But it was not night. It was 6:30 a.m.. My usual wake-up time. And as I trudged slowly and sluggishly to the bathroom to brush my teeth, I caught a glimpse of myself in the mirror. For that split second in time, before any muscles on my face had been awakened enough to move, my skin was plump. Smooth. Line free.
But after my first facial motions, it all fell back into place. Nearly four decades of place. And as I leaned in closer to get a better look, I wondered where the woman who stared back at me a mere ten days earlier had disappeared to.
You see, over Christmas break, I discovered the fountain of youth. Its power didn’t come as an expensive wrinkle cream wrapped as a Christmas gift. It wasn’t a fancy spa treatment. It was simple. It was free. It came from home. It was sleep.
After two weeks of more than decadent sleeping in, the black circles under my eyes magically faded. After two weeks of sleeping in, my skin was clear. Shiny in a good way. After two weeks of sleeping in, I was happier and relaxed. And therefore, didn’t make any of the wrinkles on my forehead pop. As much.
It wasn’t just me basking in the sleep glow. Big Guy and Little Guy reveled in it. Every morning, after finally dragging myself out of bed at a time much later than I care to admit to, I’d peak on the sleeping Little Guy and Big Guy. I’d open their blinds. Keep their doors cracked opened. Just enough to let them hear the coffee maker perking.
Eventually they would wake up. (Except for the one day I had to wake them at ten o’clock because they had someplace to be at eleven. I know - it’s hard not to be jealous.) And when they did, it was nice and slow. It was the kind of wake up where it took them a minute to adjust their eyes.
They’d struggle as their lids bounced up and down, eventually finding the strength to stay open on their own. They’d glance at the sunlight pouring in the window. Lie silently in thought. Why not? There was no reason to jump out of bed. And when the boys finally did emerge from their rooms, they were refreshed. Energized. Pleasant.
We quickly slid into a routine where breakfast was served at a time more likely slated for lunch. The day kicked into high gear around mid-afternoon, with us eventually retiring probably a little later than we should have. But that was OK, because we knew that the next morning, we could hide under those covers as long as we wanted.
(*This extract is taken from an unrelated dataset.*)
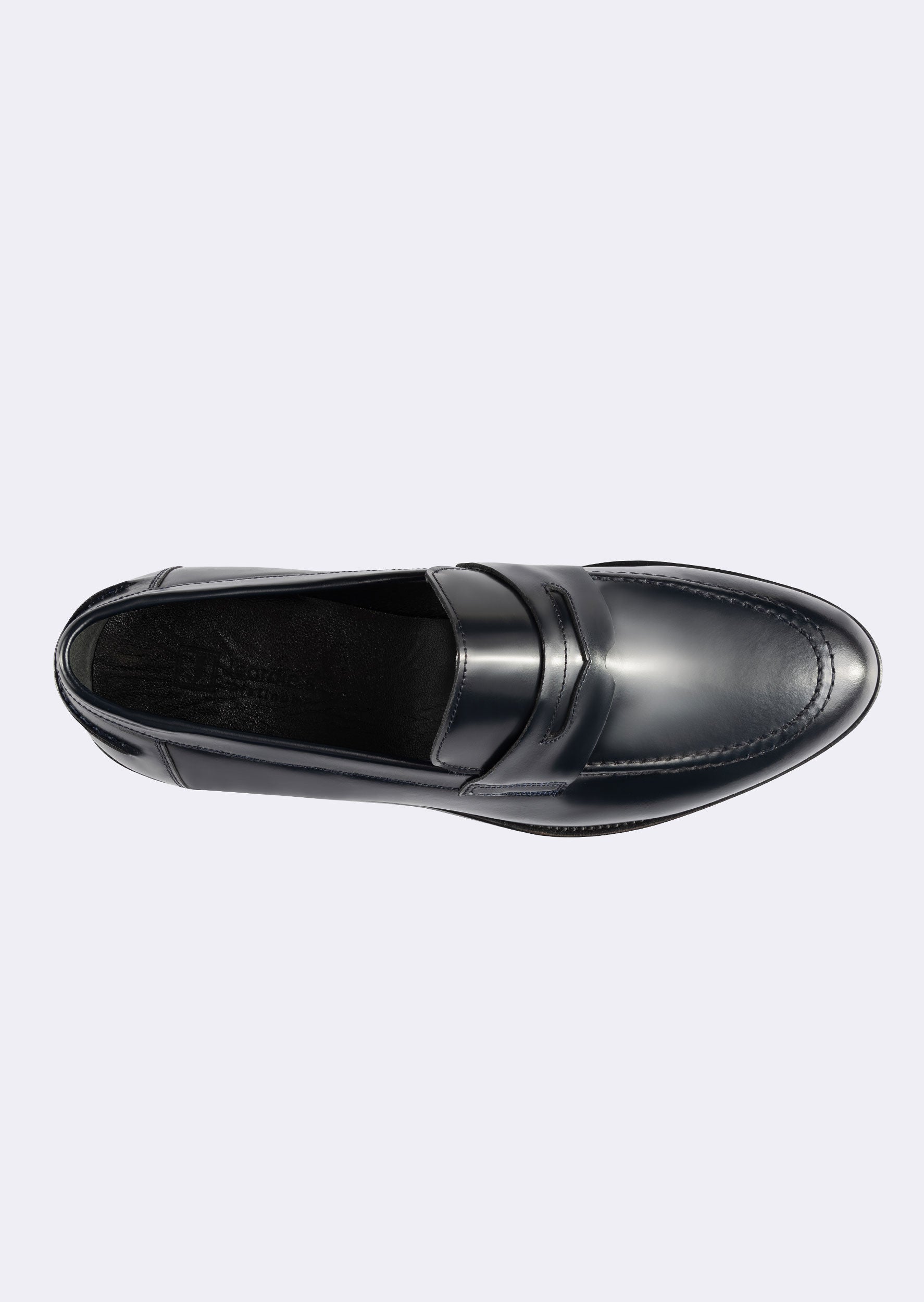 Navy Formal Shoes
During those two weeks, life was especially good. I switched to decaf. Gave Really Big Guy unsolicited foot massages. I didn’t yell nearly as much. And neither did Big Guy nor Little Guy.
And in my euphoric, youthful looking state, I did something crazy. Something extreme. I cleaned out the vast stash of skin care products I treasure. The ones promising to depuff. Unwrinkle. Make me smooth and make me glow. The antioxidants. The serums. The glycolics and the scrubs. All but two basics tossed aside.
My sleeping days had taught me that none of those creams, lotions and potions under my sink would ever wash away the unforgiving effects of our normal, everyday routine. The power was in the sleep. When we feel good, we look better. We act better. No matter how old we are.
As our weeks of sleeping bliss came to a close, I braced myself and the kids for our inevitable return to reality. Which, even with its hurried pace, occasional meltdowns, and black circles, really isn’t so bad.
I just wish it could start around 10:30 a.m.
Illyse appears Thursdays on TriangleMom2Mom.


Comments
I haven't been feeling well this week and last night my husband sent me to bed at 5:30 p.m. I woke up at 7 a.m. I didn't notice any change in my face, but quickly thought that I am going to start faking feeling sick. I can't remember the last time I've gotten that much sleep.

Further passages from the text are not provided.